Figure 6. Highly-cited articles and associations with patent filings by disease area over 5 years.

This figure shows percentages of highly-cited articles (squares) and patent filings (circles) in each disease area. In each column the icons, from smallest to largest, represent the years 2002–2006. Red icons indicate the values are greater than expected by chance, blue icons represent values that are less than expected by chance and grey icons represent values that are the same as expected by chance, according to a two-sided Fisher's Exact test (p < 0.05) with Bonferroni correction for multiple hypothesis testing. Yellow trapezoids connect the icons representing the first and last years of the span, giving some indications of spread and trend, but not of statistical significance. Squares on the left side of each column represent the numbers of highly-cited articles, determined by finding the 1% most-cited articles published in each year in all disease areas and then dividing the contribution of each disease area by this total. Therefore, the expected value for sets of articles chosen at random would be 1%. Circles on the right side of each column represent the percentages of articles in each disease area that are associated with patent filings, as described in Box 2. ENT, ear, nose and throat; MeSH, medical subject heading.

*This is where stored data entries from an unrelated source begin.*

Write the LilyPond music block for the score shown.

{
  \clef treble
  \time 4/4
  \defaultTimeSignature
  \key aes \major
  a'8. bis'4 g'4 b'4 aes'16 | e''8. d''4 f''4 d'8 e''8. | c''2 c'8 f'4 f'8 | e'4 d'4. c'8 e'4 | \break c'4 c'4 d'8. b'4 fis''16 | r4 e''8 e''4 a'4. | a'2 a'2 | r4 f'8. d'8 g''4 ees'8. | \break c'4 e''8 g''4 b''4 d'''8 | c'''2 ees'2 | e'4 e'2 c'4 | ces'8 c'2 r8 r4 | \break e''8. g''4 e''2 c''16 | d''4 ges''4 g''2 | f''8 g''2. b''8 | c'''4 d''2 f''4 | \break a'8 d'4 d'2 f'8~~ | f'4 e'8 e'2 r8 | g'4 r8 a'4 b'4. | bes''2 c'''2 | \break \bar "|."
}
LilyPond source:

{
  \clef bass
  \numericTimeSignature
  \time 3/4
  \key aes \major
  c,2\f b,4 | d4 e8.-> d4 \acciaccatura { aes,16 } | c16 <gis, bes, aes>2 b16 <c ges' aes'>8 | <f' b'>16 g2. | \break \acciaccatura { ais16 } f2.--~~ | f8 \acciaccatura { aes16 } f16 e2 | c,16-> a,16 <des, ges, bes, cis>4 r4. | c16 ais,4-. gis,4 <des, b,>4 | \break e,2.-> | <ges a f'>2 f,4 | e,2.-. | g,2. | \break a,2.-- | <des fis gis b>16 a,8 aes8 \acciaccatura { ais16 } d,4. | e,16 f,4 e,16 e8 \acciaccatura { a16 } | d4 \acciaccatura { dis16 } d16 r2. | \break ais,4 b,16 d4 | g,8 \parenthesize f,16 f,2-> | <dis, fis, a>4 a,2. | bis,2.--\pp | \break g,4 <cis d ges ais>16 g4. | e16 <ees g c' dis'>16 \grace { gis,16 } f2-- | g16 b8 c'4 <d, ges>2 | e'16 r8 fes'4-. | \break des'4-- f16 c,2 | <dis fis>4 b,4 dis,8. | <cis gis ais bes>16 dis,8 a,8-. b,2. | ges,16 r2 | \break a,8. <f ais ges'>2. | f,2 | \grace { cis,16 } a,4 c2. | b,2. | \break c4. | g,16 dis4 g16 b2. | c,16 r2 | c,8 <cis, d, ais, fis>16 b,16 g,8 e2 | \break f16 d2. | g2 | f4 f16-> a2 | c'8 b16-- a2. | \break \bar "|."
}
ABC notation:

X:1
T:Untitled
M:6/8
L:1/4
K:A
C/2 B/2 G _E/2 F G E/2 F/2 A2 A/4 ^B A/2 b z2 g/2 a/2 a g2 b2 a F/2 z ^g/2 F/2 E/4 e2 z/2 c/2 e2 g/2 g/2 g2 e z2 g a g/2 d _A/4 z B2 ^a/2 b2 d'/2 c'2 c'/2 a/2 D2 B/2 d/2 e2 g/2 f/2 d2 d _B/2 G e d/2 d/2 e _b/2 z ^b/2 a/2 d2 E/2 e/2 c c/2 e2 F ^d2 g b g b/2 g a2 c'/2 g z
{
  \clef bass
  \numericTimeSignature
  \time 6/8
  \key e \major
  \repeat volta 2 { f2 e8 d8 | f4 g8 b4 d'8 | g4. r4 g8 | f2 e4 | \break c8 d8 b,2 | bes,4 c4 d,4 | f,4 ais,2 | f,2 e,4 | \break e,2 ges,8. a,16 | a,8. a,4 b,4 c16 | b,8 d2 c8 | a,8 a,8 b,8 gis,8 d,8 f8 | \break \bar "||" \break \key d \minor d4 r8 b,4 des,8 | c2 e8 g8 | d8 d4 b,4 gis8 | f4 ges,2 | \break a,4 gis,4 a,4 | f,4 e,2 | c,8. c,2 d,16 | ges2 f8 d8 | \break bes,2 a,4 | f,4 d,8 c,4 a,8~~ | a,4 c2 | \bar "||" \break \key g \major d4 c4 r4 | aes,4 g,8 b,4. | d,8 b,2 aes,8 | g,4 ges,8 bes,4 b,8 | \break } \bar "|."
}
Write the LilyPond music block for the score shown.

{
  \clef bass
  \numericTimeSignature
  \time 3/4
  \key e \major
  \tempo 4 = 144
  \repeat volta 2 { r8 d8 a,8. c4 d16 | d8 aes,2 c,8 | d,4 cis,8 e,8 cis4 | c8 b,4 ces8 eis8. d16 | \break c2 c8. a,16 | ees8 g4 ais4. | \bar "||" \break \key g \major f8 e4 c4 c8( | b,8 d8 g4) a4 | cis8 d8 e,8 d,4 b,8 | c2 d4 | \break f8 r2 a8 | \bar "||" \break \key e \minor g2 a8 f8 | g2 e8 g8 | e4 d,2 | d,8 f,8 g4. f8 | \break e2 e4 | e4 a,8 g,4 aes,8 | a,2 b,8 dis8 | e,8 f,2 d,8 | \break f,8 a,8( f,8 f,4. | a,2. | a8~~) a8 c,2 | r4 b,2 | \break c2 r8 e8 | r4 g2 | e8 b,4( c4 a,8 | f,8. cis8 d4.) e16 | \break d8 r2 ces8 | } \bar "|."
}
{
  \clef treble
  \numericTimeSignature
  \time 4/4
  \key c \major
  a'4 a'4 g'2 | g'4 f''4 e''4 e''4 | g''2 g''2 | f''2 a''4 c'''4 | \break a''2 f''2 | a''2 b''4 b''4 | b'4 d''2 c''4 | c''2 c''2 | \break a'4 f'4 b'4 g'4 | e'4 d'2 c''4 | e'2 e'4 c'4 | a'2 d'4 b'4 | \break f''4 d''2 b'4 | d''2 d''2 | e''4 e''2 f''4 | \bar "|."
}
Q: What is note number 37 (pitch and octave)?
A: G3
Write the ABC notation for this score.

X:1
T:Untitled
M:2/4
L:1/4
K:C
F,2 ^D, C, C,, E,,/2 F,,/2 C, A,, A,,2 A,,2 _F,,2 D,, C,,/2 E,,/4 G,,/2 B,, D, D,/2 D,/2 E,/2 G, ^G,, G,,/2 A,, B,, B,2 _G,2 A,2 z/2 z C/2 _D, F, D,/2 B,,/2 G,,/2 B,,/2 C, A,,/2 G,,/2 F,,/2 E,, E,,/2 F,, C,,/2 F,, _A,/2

Figure 7. Recent growth in publications by disease and by individual gene.

The horizontal axes show percentage growth in 2003–2007 relative to 1997–2002, and the vertical axes show growth in 2006–2007 relative to 2004–2005. The diagonal therefore indicates points for which growth is consistent in the short and medium term; publication rates of points above the diagonal are accelerating and those for points below the diagonal are decelerating. The size of the circles indicates the number of publications in the final 2 years surveyed, as shown in the key (grey circles, scaled to the cube root of publication count). Colours indicate the statistical significance of the 2-year differences after Bonferroni correction for multiple testing, for either positive or negative growth, as defined in the key (coloured circles; arrows pointing up indicate positive growth and arrows pointing down indicate negative growth). a | Changes in publication rates concerning medical subject heading (MeSH) disease subcategories that achieve statistical significance (out of 4,354). Several diseases are not shown, in cases in which their MeSH annotation changed between 1998–2007, or in which the categories were very broad, had fewer than 500 publications in 2006–2007, or were closely related to another disease already shown. Coronavirus infections (mostly due to severe acute respiratory syndrome) were off the scale, with 84% annualized growth on the 5-year axis but 36% annual decline over the past 2 years. b | Changes in publication rates concerning genes that achieve statistical significance (out of 13,024). Only genes with over 100 identifiable publications in 2006–2007 are shown. The overall analysis may be biased toward genes with more established and consistent nomenclature, as it was necessary to scan abstracts for gene symbols and known synonyms to derive this data. ADIPOQ, adiponectin, C1Q and collagen domain-containing; CCL2, CC-chemokine ligand 2; CRP, C-reactive protein; EGFR, epidermal growth factor receptor; FOXP3, forkhead box P3; FRAP1, FK506 binding protein 12-rapamycin associated protein 1 (also known as mTOR); IL17A, interleukin-17A; IL-23A, interleukin-23 subunit-a; IL2RA, interleukin-2 receptor-α; JAK2, janus kinase 2; LRRK2, leucine-rich repeat kinase 2; NFKB1, nuclear factor kB1; PPARGC1A, peroxisome proliferator-activated receptor-γ, coactivator 1α; TCF7L2, transcription factor 7-like 2; TLR, toll-like receptor; TNFSF13B, tumour necrosis factor (ligand) superfamily, member 13b.